Finishing up the automated brew kettle

We’ve nearly managed to complete our build of a 50-liter automated brew kettle, and now only need to build a stand for it and take it for a test brew. I’ve grabbed some pictures of the construction and our testing with tap water:

These are the pots used for the kettle. The bigger one is 50L and will function as the outer kettle, while the smaller ones are 35L and will function as malt and hop ‘bags’.

One of the inner kettles with a removable stainless steel mesh.

The outer kettle has the output in the bottom of the kettle to minimize wort loss. We had some problems with leaking, but fixed that with some food-grade silicone.

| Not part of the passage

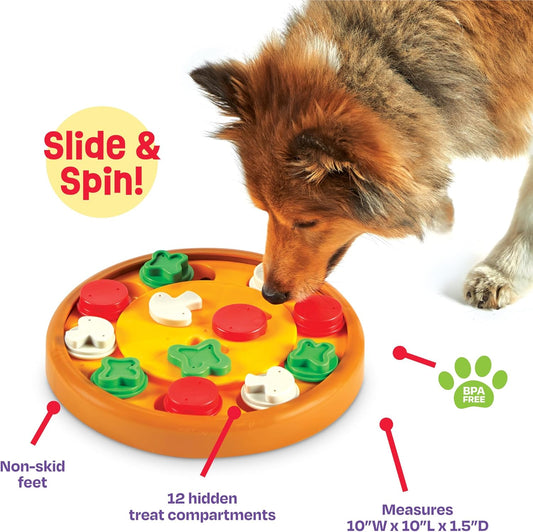 Brightkins Pizza Party! Treat Puzzle - Interactive Dog Toys, Dog Puzzle Toy and Slow Feeder, Enrichment Feeder for Dogs and Cats, Puppy Toys to Keep Them Busy, Cat Enrichment Puzzles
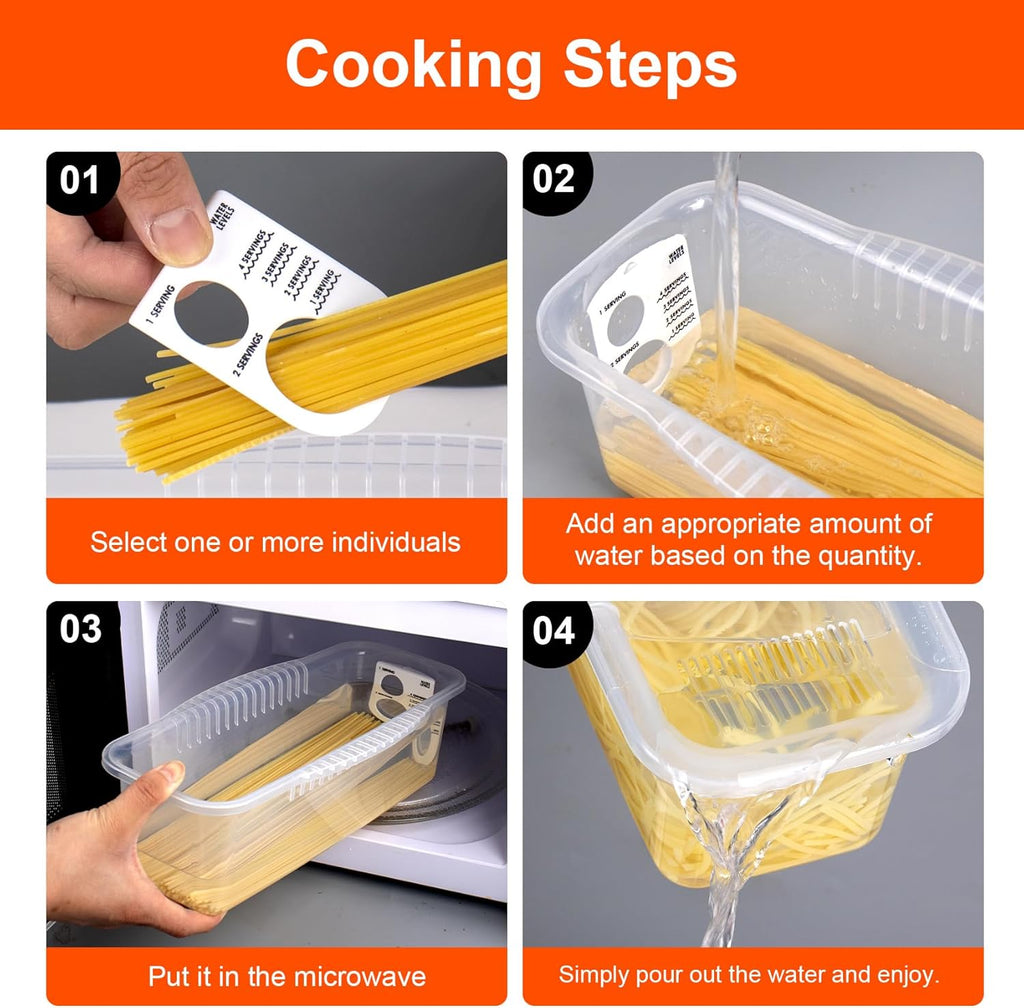 Microwave Pasta Pot with Strainer Lid & Measuring Cup Clip Quickly Cook 1-4 Servings-No Mess, Sticking or Waiting For Boil, Pasta Cooker in Microwave for Dorm Kitchen Office College Essential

The 3500W ultra-low-density heating element is installed and tested for leaks.

Planning and building the control box. We installed both a heat sink and a fan for the SSR, to prevent overheating.

Control box all wired up.

The first test. The PID is to the left, temperature at the sensor is 26.8 (the LCD was apparently updating as the photo was taken, hence the weak numbers), while the thermostat is set to 45.0. The red switch is the main power switch, the middle switch is power for the heating element, and the third switch is for the pump.

The test setup. We still need to build a stand for the kettle, otherwise everything is working. The kettle was able to keep temperatures steady and heating of 40 liters of water was surprisingly quick.

The water is boiling, and the thermostat is showing 100.1 degrees C, not bad.

The first test brew with the kettle will most likely take place in a week, when we are brewing up a 25-liter batch of Pilsener (with no-sparge, the maximum batch size for a 1.050 beer should be around 28-30 liters with this kettle), that will be hopped with Saaz and Hallertau Mittelfrüh, and fermented with Saflager W-34/70.